Comments on Geeking with Greg: Yahoo Research on distributed web search

Thanks, Fabrizio!

2007-08-02T07:54:00.000-07:00

Thanks, Fabrizio!

Hi Greg,nice post! (I know I'm a little bit biased...

2007-08-02T07:06:00.000-07:00

Hi Greg,

nice post! (I know I'm a little bit biased :P)...

About the idea mentioned a page 5... Actually we have published a couple of papers on that topic. You can find them on my home page... They contains some preliminary ideas and results but... if you want to see some outcomings of what happens playing around with shards... well... there you'll find some...

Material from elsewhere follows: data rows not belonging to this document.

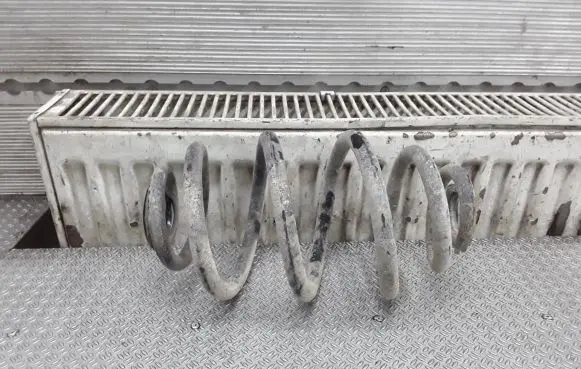 Volkswagen PASSAT B5.5 Rear coil spring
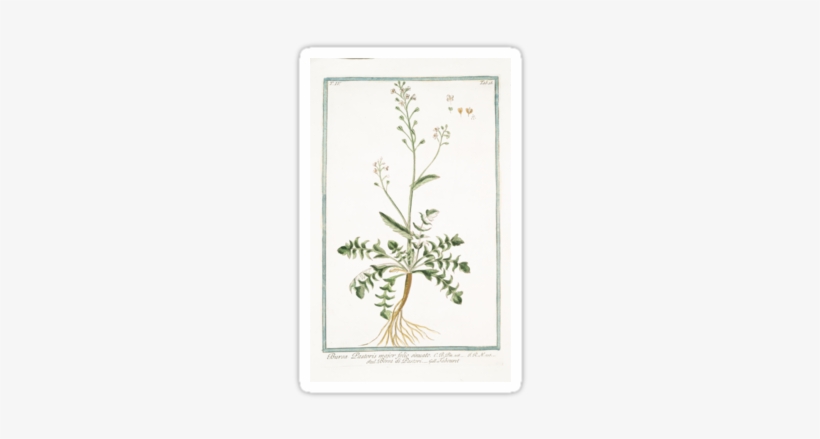 The Works Of Classical Illustration For Science And - Illustration, transparent png
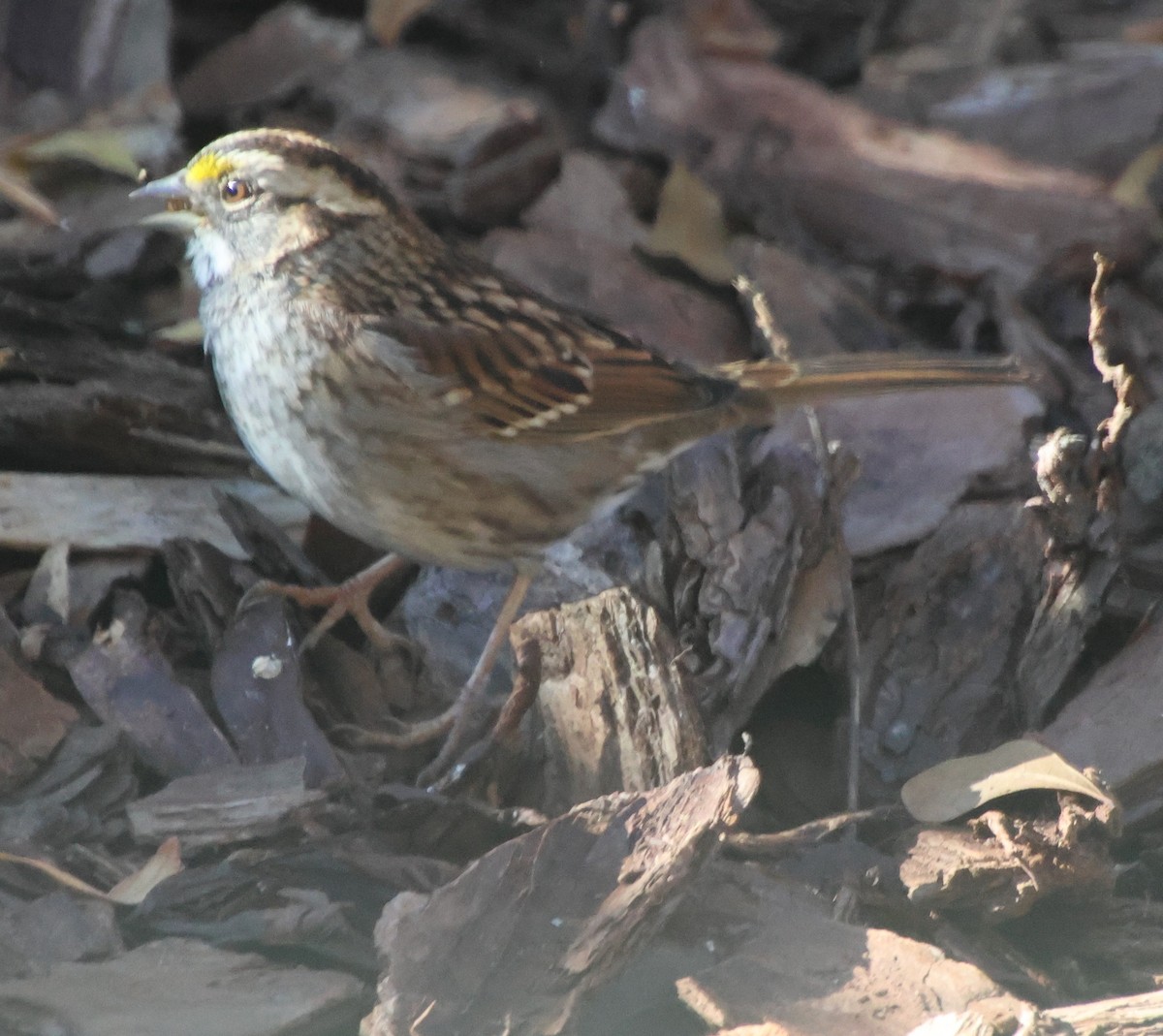 Ak Boğazlı Serçe - ML646992381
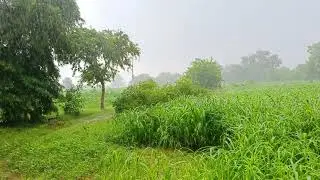 Rainy season 🌧️ #weatherindia #currentweather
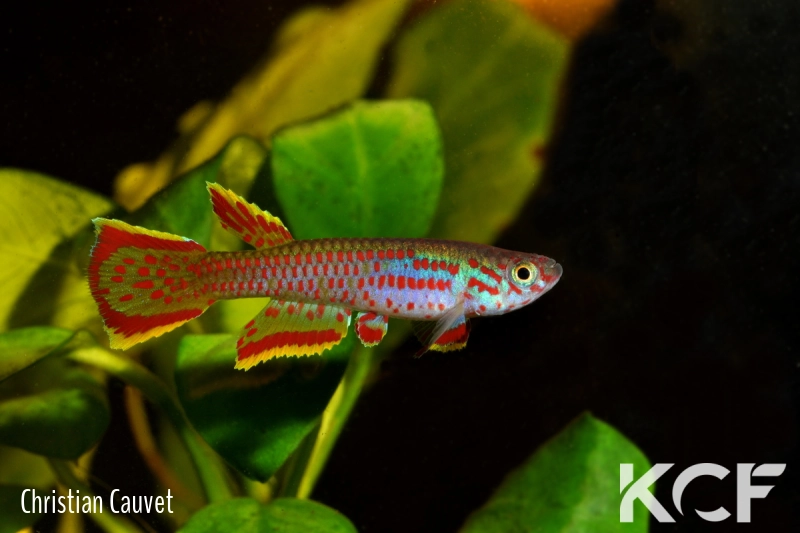 Aphyosemion lefiniense CLC19 Mbouambé male adulte 
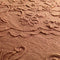 Dutch Decor EVY - Sierkussen van katoen Muted Clay 40x60 cm - roze - Inclusief binnenkussen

Incremental Caching for Collection Selection Architectures
Mining Query Logs to Optimize Index Partitioning in Parallel Web Search Engines

Enjoy!

All great points and totally correct. However, the...

2007-01-22T09:54:00.000-08:00

All great points and totally correct. However, these are all problems found in any peer to peer search as well.

Ultimately for either to get much traction, the system would need to embrace the strengths of a narrow but deep and distributed search architecture. The system may never be able to answer a document keyword search in a few milliseconds, but may be able to answer a question requiring a more exhaustive analysis of text with an answer quality worth waiting for.

Good point, Deep. Meta or federated search is a p...

2007-01-22T08:05:00.000-08:00

Good point, Deep. Meta or federated search is a possibility. As you said, Metacrawler, Dogpile, A9, and many others have built systems that query many search engines and databases, then merge the results.

Several problems come up when you try to do this though. First, relevance rank can be poor because of the limited information returned from each database or search engine (usually top N by widely differing relevance ranking functions).

Second, speed can be an issue. You can only as fast as the slowest database you query, and probably much slower due to the additional computation to merge and rerank the results.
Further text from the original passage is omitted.